Amenities residents access

  • Malibu Beach-style artificial beach and wave pool
  • Multiple water parks and splash zones
  • Dedicated sports districts with football, tennis, cricket, and fitness facilities
  • Jogging tracks and cycling routes
  • Outdoor cinemas and event lawns
  • Equestrian facilities and stables
  • Community retail centres, supermarkets, and cafes
  • Schools and nurseries within the wider masterplan

Prices: Apartments from AED 577,000 (£124,000)
            Villas from AED 1.3 million (£280,000)

Service charges (estimated): AED 10–30 per sq. ft. annually (£2.15–£6.45 per sq. ft.)

Higher charges reflect the maintenance of leisure-heavy infrastructure spread across a large area.

What residents pay for amenities in master-planned communities

Annual community service charges (amenity maintenance)

Service charges are calculated per square foot of the home and paid annually. Rates vary by developer, property type, and phase, and are disclosed annually through owners’ association budgets. They fund all shared amenities and community-level infrastructure.

What these charges typically cover

  • Lagoon filtration and water treatment systems
  • Beach upkeep, safety monitoring, and cleaning
  • Park landscaping, irrigation, and lighting
  • Community swimming pools and fitness facilities
  • Cycling tracks, jogging routes, and sports courts
  • Security, access control, and community management

Typical annual amenity cost per home

To translate service charges into real figures:

  • 2,000 sq. ft. villa in a park-led or lagoon community
    AED 6,000–12,000 per year(£1,290–£2,580)
  • 2,500 sq. ft. villa in a premium lagoon or resort-style community
    AED 10,000–15,000 per year (£2,150–£3,225)
  • 1,000 sq. ft. apartment in an urban master district
    AED 10,000–20,000 per year (£2,150–£4,300)
  • 2,000 sq. ft. home in a leisure-heavy community
    AED 20,000–60,000 per year (£4,300–£12,900)

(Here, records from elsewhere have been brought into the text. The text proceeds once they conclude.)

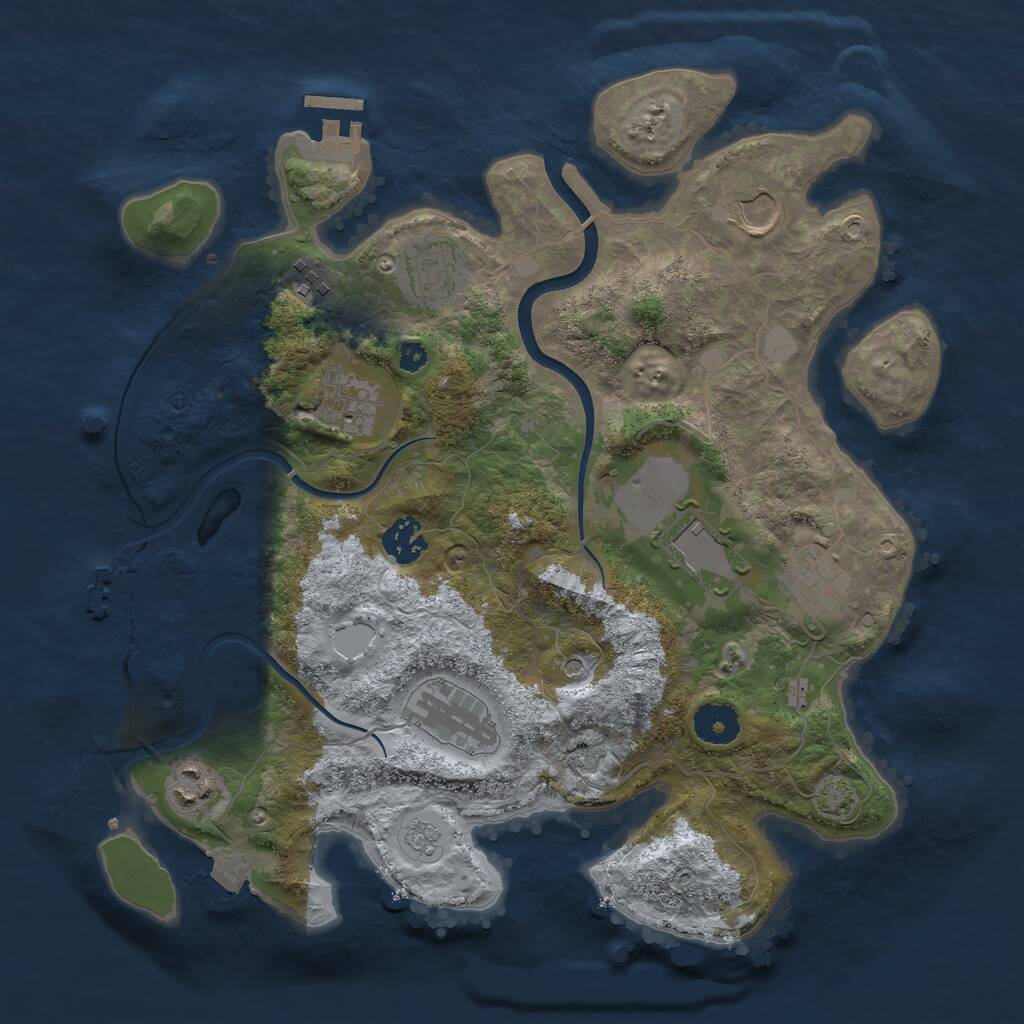 Rust Map: Procedural Map, Size: 3500, Seed: 121974, 15 Monuments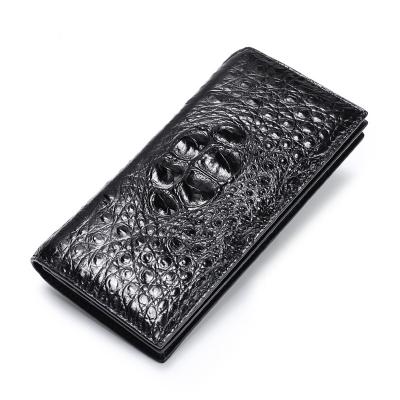 China High Capacity Hand Make Mens Long Crocodile Leather Wallet For Man for sale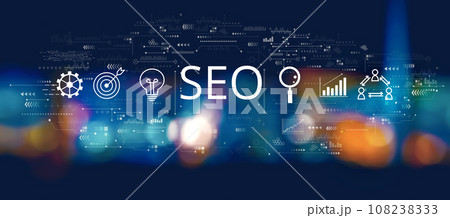 SEO concept with blurred city at night 108238333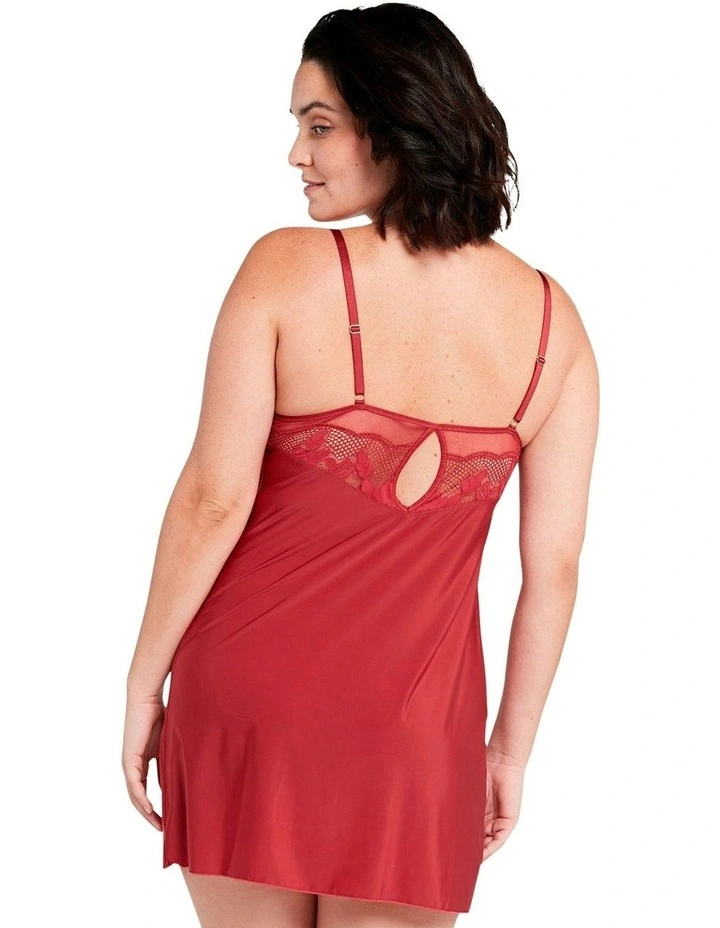 Charmante V Neck Short Nightie with Lace in Garnet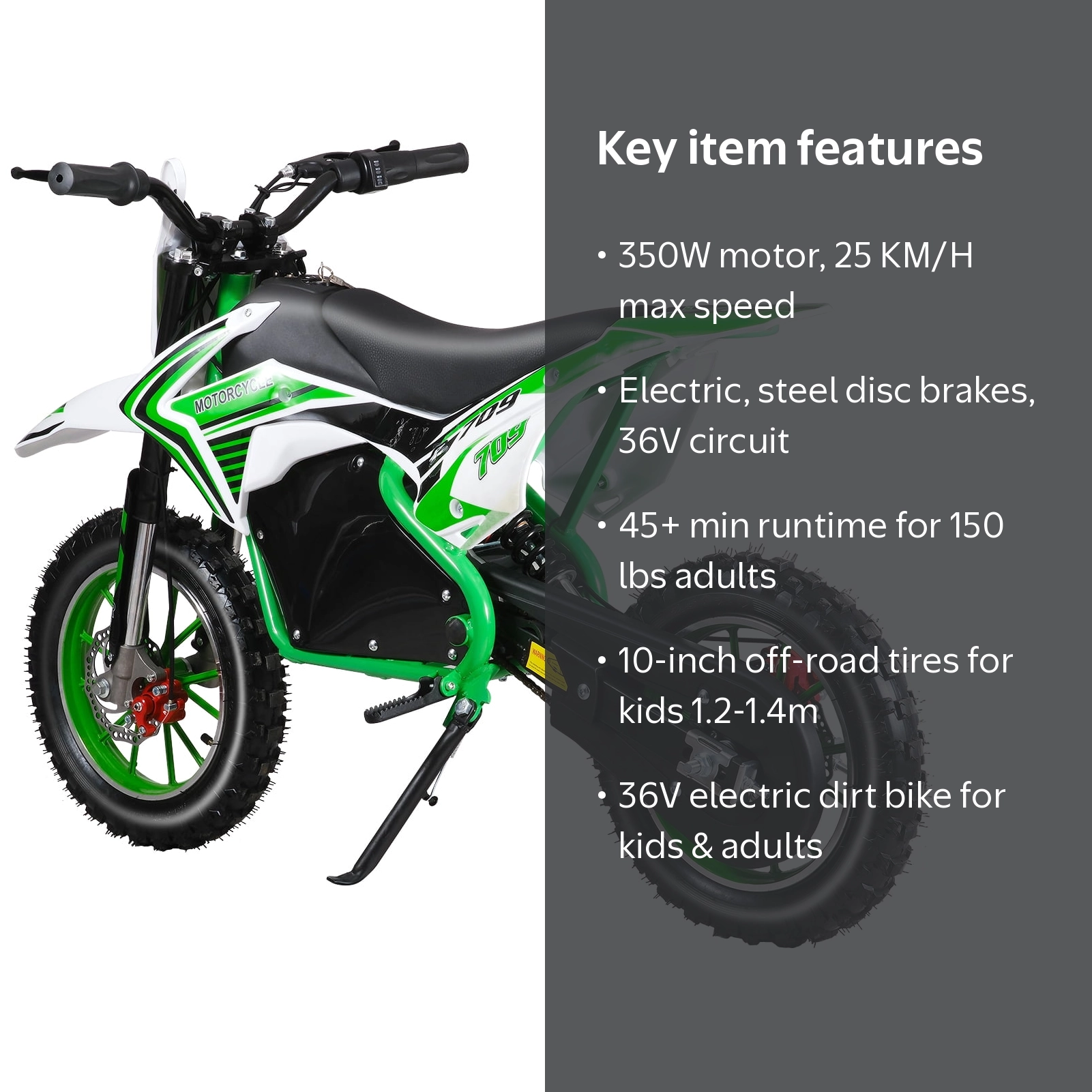 Zksm Dirt Bike for Kids Adults, 36V Off Road Electric Motorcycle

Amenities that may carry separate fees

Some facilities operate outside standard service charges:

  • Golf clubs: AED 15,000–35,000 per year (£3,200–£7,500)
  • Premium wellness centres or beach clubs: AED 5,000–12,000 per year (£1,075–£2,580)
  • Sports academies and specialised facilities: priced separately

Access to parks, lagoons, community pools, cycling routes, and standard fitness areas is normally included in service charges.

When the cost makes sense — and when it doesn’t

Amenity charges in Dubai’s master-planned communities tend to be justified when residents actively use what the community provides. Daily access to swimming lagoons, fitness facilities, parks, cycling routes, and on-site leisure infrastructure changes how space is used and reduces reliance on facilities outside the community.

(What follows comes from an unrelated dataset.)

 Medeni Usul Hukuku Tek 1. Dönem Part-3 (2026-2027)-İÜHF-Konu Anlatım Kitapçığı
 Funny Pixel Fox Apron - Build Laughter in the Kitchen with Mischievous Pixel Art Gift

For owners who spend most of their time outside the community or treat the property purely as a financial asset, higher service charges may feel disproportionate. In those cases, simpler developments with limited shared infrastructure often deliver better cost efficiency.

Master-planned communities are designed for residents who actively use shared facilities rather than holding property as a low-engagement asset. It is less suited to owners who do not intend to use community amenities or who prefer minimal recurring costs. The decision to live in it is therefore a practical one.